── Input material

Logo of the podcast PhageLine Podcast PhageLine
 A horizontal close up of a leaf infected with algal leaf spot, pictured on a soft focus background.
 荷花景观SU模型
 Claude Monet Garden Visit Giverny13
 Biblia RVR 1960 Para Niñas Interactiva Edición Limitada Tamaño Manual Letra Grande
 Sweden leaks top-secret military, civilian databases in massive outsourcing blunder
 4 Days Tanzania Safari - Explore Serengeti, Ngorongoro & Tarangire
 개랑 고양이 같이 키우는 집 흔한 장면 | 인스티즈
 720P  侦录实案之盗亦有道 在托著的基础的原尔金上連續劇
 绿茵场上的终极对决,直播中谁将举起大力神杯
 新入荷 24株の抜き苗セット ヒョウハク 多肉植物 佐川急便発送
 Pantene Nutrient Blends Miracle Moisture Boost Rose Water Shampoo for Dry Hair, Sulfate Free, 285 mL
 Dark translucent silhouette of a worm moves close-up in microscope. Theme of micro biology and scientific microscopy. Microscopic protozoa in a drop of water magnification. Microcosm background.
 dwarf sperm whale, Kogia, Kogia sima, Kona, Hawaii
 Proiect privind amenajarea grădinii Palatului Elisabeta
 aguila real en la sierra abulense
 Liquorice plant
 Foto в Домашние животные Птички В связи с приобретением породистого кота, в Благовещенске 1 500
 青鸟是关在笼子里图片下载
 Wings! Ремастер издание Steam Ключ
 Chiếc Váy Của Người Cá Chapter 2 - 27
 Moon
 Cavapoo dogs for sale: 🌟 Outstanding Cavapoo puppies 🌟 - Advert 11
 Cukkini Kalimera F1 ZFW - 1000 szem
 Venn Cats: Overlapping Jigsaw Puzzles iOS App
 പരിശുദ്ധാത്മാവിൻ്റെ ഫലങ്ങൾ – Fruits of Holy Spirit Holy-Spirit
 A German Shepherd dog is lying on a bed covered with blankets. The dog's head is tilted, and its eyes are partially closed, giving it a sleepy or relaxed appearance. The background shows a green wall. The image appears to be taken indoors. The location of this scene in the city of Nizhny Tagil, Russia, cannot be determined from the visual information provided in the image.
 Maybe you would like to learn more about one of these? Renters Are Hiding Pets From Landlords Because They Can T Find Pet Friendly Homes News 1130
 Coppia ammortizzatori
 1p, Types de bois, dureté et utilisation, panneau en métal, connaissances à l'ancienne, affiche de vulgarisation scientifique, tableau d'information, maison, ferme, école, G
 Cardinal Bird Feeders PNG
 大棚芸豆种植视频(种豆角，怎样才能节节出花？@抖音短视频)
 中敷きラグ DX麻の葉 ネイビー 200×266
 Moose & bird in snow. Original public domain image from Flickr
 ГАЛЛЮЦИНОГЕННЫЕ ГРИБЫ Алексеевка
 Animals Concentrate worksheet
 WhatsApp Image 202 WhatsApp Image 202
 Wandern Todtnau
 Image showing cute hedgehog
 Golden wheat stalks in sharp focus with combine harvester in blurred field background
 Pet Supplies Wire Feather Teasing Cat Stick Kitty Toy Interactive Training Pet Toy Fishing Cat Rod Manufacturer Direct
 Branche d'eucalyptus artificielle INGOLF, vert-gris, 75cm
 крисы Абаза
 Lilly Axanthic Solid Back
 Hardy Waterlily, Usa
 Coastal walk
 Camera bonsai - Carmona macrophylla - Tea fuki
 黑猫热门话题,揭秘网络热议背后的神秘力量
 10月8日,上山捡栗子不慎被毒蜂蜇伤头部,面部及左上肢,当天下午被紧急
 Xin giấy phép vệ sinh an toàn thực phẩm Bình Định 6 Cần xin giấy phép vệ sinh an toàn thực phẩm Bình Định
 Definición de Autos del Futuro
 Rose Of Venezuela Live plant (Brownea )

────

> Your task: Give again the closing portion of the entries, from the line with "10月8日,上山捡栗子不慎被毒蜂蜇伤头部,面部及左上肢,当天下午被紧急" through the last line. Keep it exact and add nothing.

> Exercise solution:
 10月8日,上山捡栗子不慎被毒蜂蜇伤头部,面部及左上肢,当天下午被紧急
 Xin giấy phép vệ sinh an toàn thực phẩm Bình Định 6 Cần xin giấy phép vệ sinh an toàn thực phẩm Bình Định
 Definición de Autos del Futuro
 Rose Of Venezuela Live plant (Brownea )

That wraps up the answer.